El primer matrimonio, explicó Clayton. Bueno, y el segundo también. No tardaría en llegar a eso. Nos quedaba un largo camino hasta Connecticut, tiempo suficiente para contarlo todo.

 

Pero primero me habló de su matrimonio con Enid, una chica a la que había conocido en el instituto en Tonawanda, un barrio de Buffalo. Luego fue a la Universidad de Canisius, fundada por los jesuítas, donde estudió económicas y algo de filosofía y religión. No estaba muy lejos de casa, así que podía haber continuado viviendo allí e ir y volver cada día, pero encontró una habitación barata en el campus y se dijo que aunque no se fuera a una universidad muy lejana, al menos debía abandonar el hogar paterno.

 

Cuando terminó sus estudios, Enid le esperaba en su antiguo barrio.
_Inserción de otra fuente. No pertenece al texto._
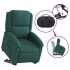 Sillón eléctrico reclinable elevable de tela verde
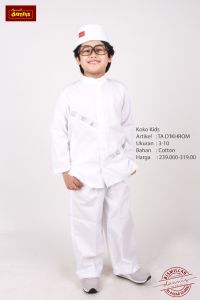 Dannis Fashion ihrom putih anak cowok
Empezaron a salir y él se dio cuenta de que era una chica con una voluntad de hierro, acostumbrada a conseguir lo que quería de los que la rodeaban. Utilizaba todas sus cualidades en su propio provecho. Era atractiva, tenía un cuerpo espectacular y un intenso apetito sexual, al menos al principio de su noviazgo.

 

Un día, con los ojos llenos de lágrimas, ella le explica que tiene un retraso.

 

—Oh, no —dice Clayton Sloan.

 

Primero piensa en sus padres, en lo avergonzados que se sentirán de él. Les preocupan tanto las apariencias, y de repente les cae algo así: su hijo deja embarazada a una chica. Estaba claro que su madre querría mudarse para no tener que escuchar los comentarios de los vecinos.